Allo stesso modo, anche Forest ha spesso chiarito come la sua narrativa nasca anche in opposizione alla poetica postmoderna. Il tentativo di L’enfant éternel, ma anche del successivo Le nouvel amour, è infatti quello di recuperare il legame tra letteratura ed emozione; tale legame, spesso negato nel gioco ironico e intertestuale, rappresenta invece per Forest l’unica risposta possibile del romanzo, la sua stessa ragion d’essere:

Mi sembra che l’attuale letteratura postmoderna si è persa recidendo ogni legame con l’emozione. Tutti i maggiori romanzi di oggi arretrano davanti all’emozione perché essi vengono meno di fronte al reale e vanno a cercare rifugio dalle parti dell’ironia, del gioco, del virtuale […] Ma io diffido di quel sentimentalismo che costituisce una maniera di trasformare la sofferenza in un oggetto di gioia inoffensiva e di speculazione interessata. Bisogna ricordarsi lo scandalo della sofferenza e la risposta incompleta che ci consegna l’amore. Se la letteratura serve a qualche cosa, serve, malgrado tutto, a questo.

(Forest dicembre 10, 2006)

Le posizioni di Franchini e Forest non sono isolate, ed anzi già da qualche anno si è cominciato a parlare di un «nuovo realismo» – con tutte le ambiguità che questa definizione comporta – e, più in generale, della «fine del postmoderno» per quanto riguarda il romanzo europeo. (In proposito si veda almeno, Donnarumma 2008, Mazzoni 2011).

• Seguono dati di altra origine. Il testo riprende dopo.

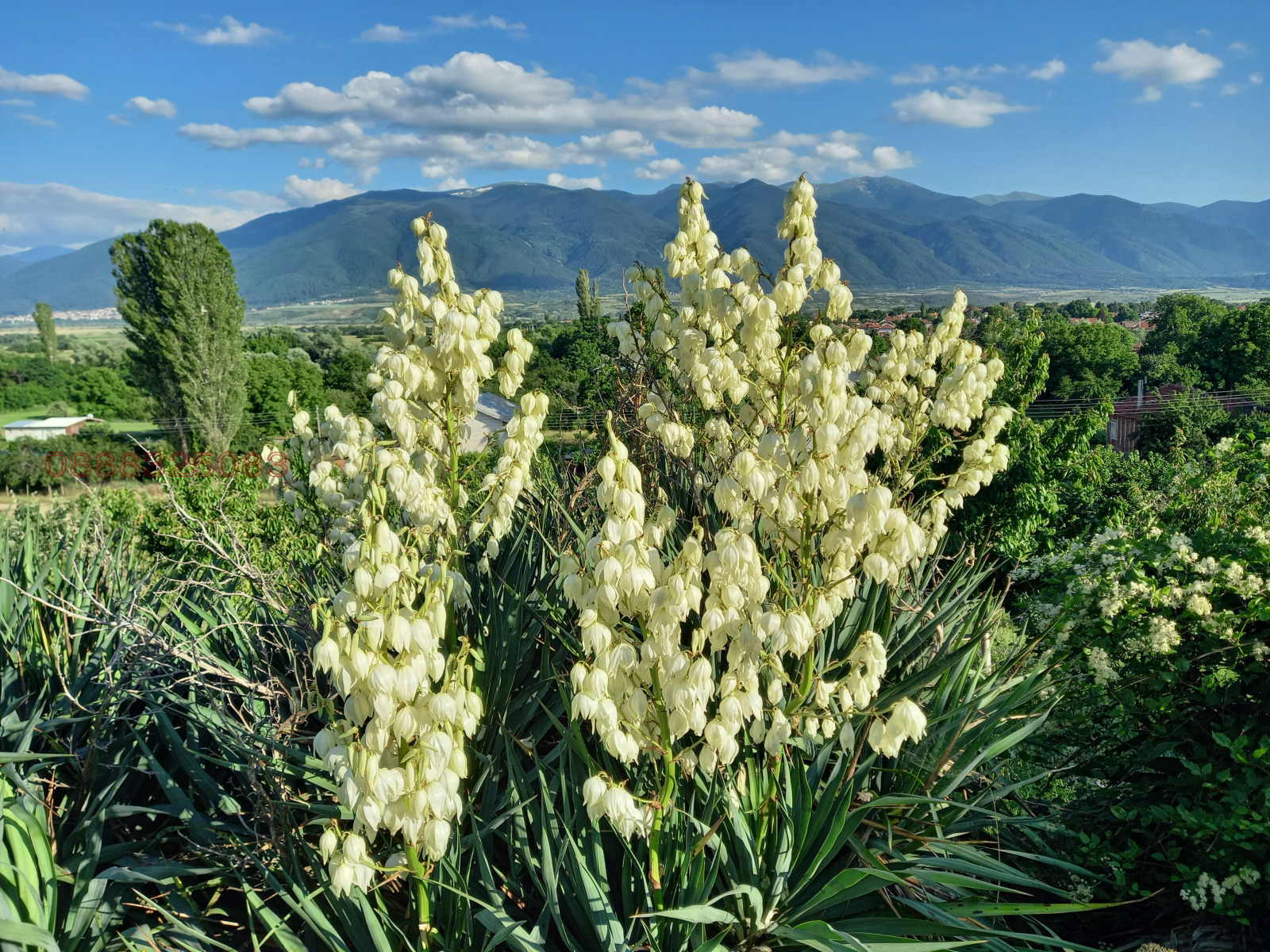 Продава ПАРЦЕЛ, с. Крайници, област Кюстендил, снимка 12 - Парцели - 54193483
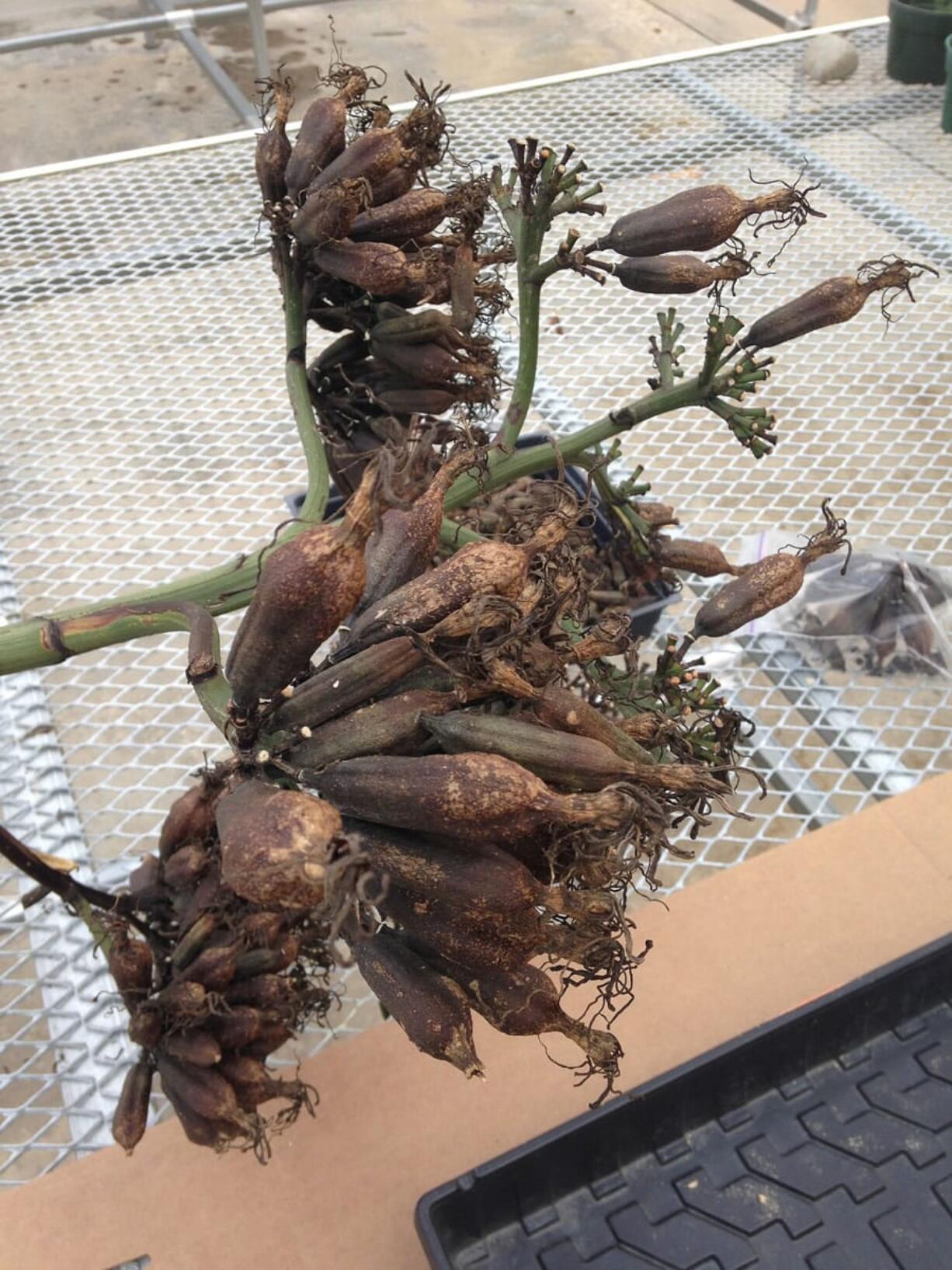 The agave that has called Ann Arbor home since 1934 and produced these pods started growing rapidly taller last spring, an indicator it was preparing to bloom.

Tuttavia: le affermazioni di Franchini e di Forest sono molto più rilevanti se intese anche in senso più ampio, non solo in termini di contrapposizione di poetiche, ma come riflessioni sull’essenza stessa dello scrivere romanzesco da una prospettiva a-storica o trans-storica; come tentativo, cioè, di individuare quell’elemento semplice che giustifica il romanzo di fronte alla realtà.

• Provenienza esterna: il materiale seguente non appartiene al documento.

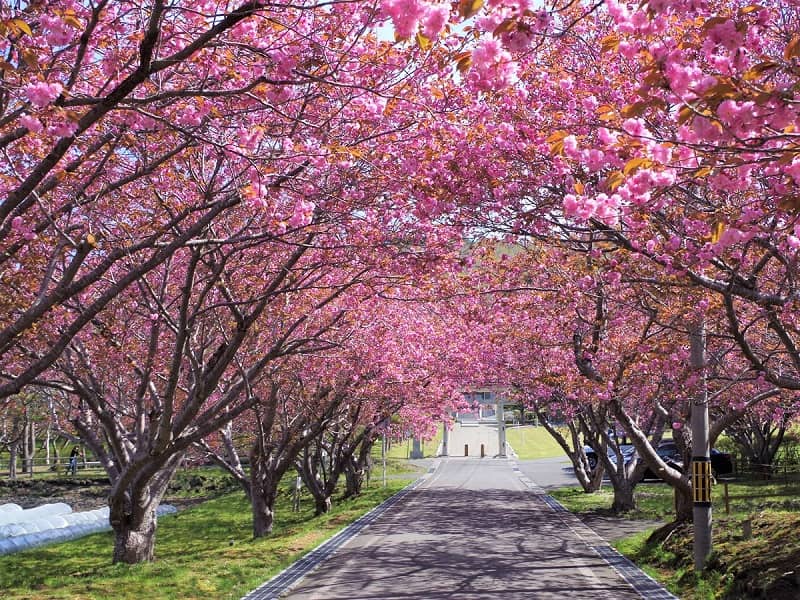 石崎地主海神社(いしざきじぬしかいじんじゃ)の桜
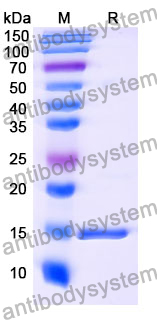 Anti-Human GAK Nanobody (SAA1190)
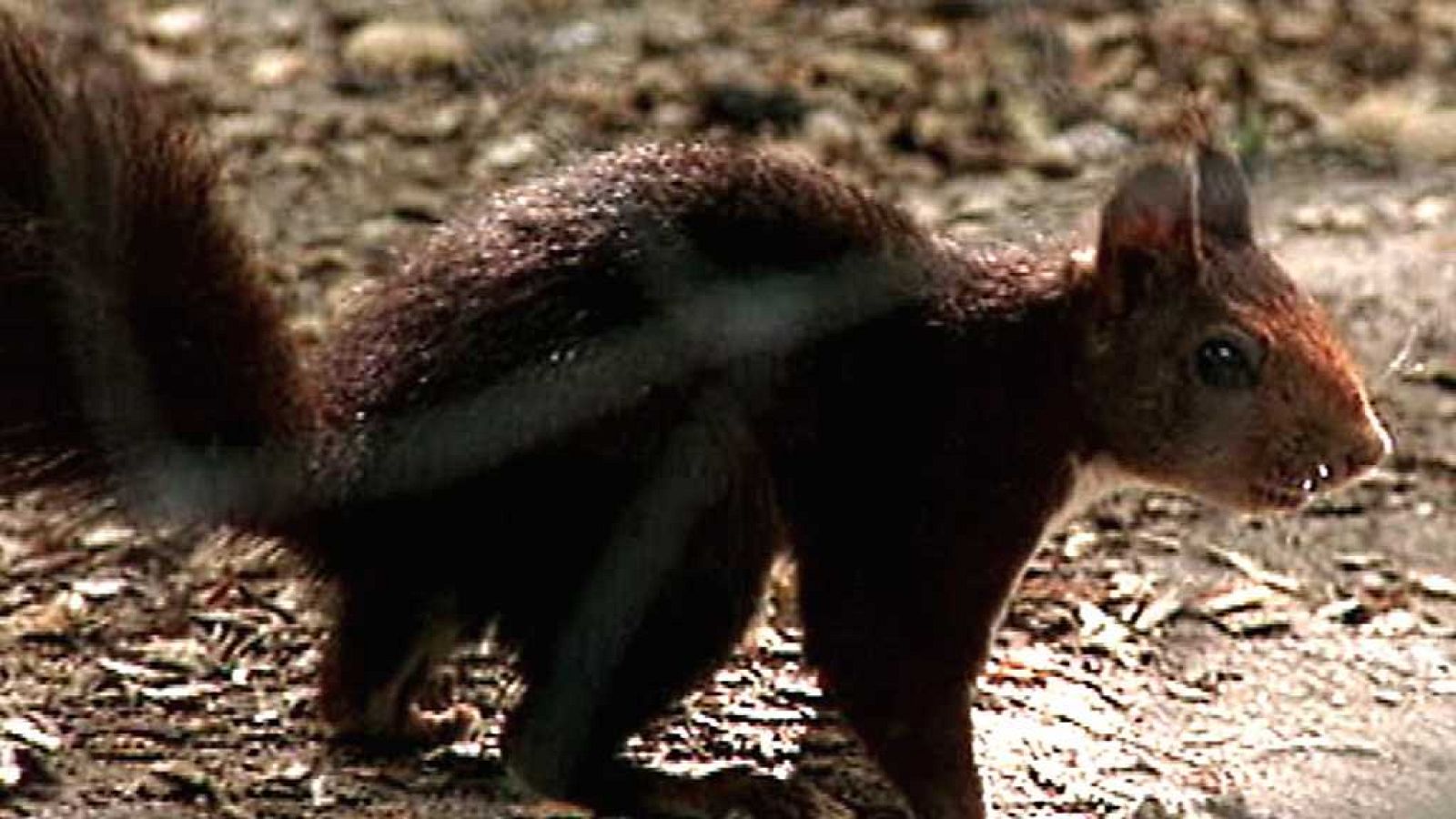 El universo escondido - Episodio 16: Oasis de ciudad - ver ahora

Per entrambi, lo si è visto, la letteratura si configura come tentativo di sottrarre l’essere al tempo, al suo rotolare verso la fine; un tentativo vano, se la vittoria del romanzo sul tempo è sempre «segreta, inutile, risibile», e verrà il giorno in cui tutte le opere, esattamente come i libri di Don Ferrante, saranno ridotte a polvere: «come gli esseri viventi, le parole sono in partenza per il nulla che aspetta al varco» (Forest 2007, 213). Al netto di ogni poetica o teoria, il romanzo si ridurrebbe quindi a nulla più che ad una traccia di ciò che è stato e che costringe chi legge a guardare pietosamente alla transitorietà di tutto ciò che è: «non pensavo – scrive ancora Forest – che la verità fosse così semplice e che tutto in sostanza fosse simile al disegno lasciato sulla pietra dalle cinque dita di una bambina» (Ibid., 219).